What to work on =
The full listing, copied exactly and free of pictures, is the expected reply.

Collected data =

# # # #

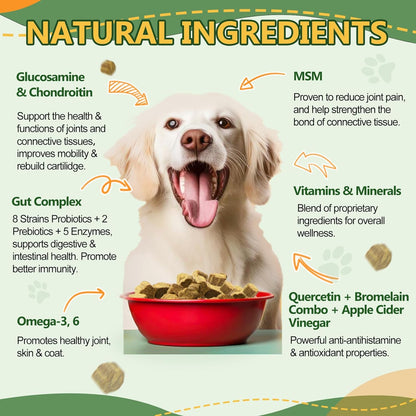 Dog & Cat Multivitamin Complete Supplement with MSM & Glucosamine, Omegas 3 & 6, Probiotics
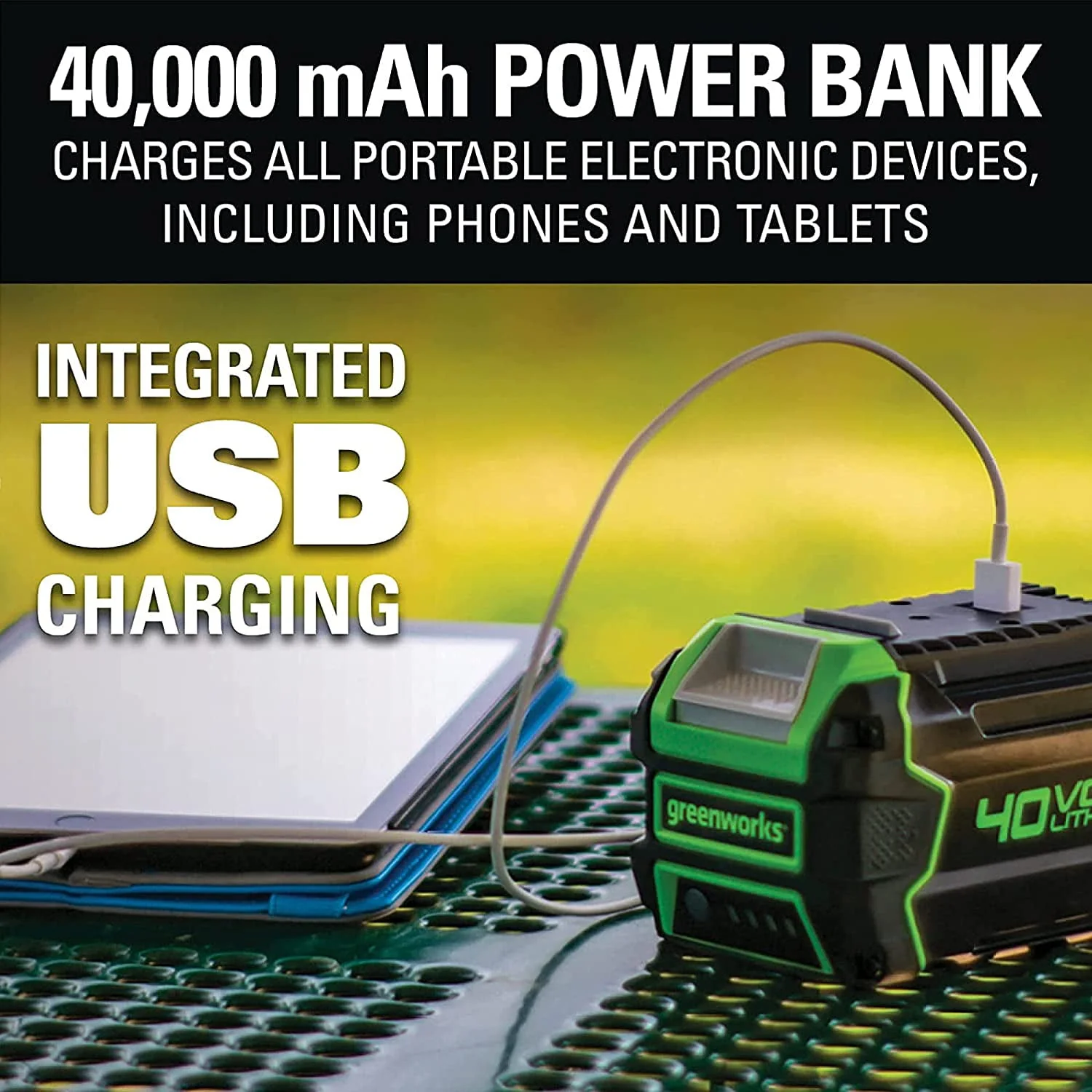 Greenworks 40V 21 Brushless (Smart Pace) Self-Propelled Lawn Mower, 2 x 4Ah USB (Power Bank) Batteries and Charger Included MO 21 Mower (2 x 4.0Ah)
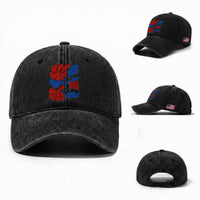 86 47 Boho Floral Matisse Washed Cotton Baseball Cap No Kings Oligarchy FDT Political Protest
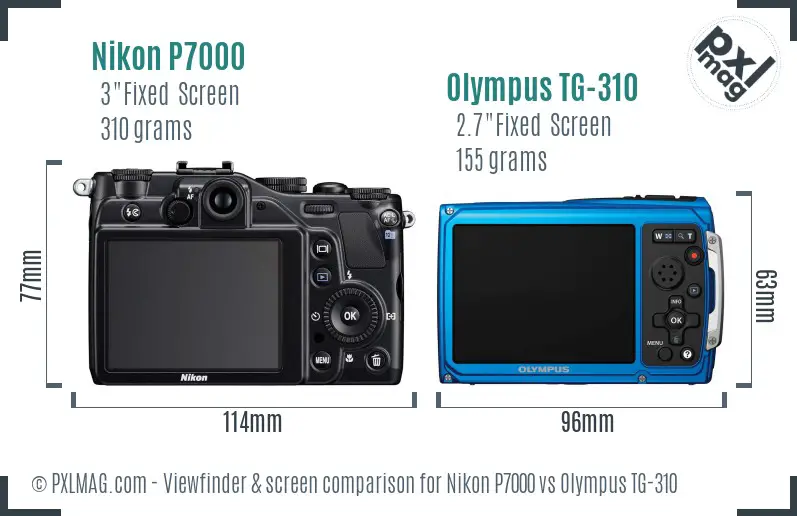 Nikon P7000 vs Olympus TG-310 Screen and Viewfinder comparison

# # # #

Answer to this task =
 Dog & Cat Multivitamin Complete Supplement with MSM & Glucosamine, Omegas 3 & 6, Probiotics
 Greenworks 40V 21 Brushless (Smart Pace) Self-Propelled Lawn Mower, 2 x 4Ah USB (Power Bank) Batteries and Charger Included MO 21 Mower (2 x 4.0Ah)
 86 47 Boho Floral Matisse Washed Cotton Baseball Cap No Kings Oligarchy FDT Political Protest
 Nikon P7000 vs Olympus TG-310 Screen and Viewfinder comparison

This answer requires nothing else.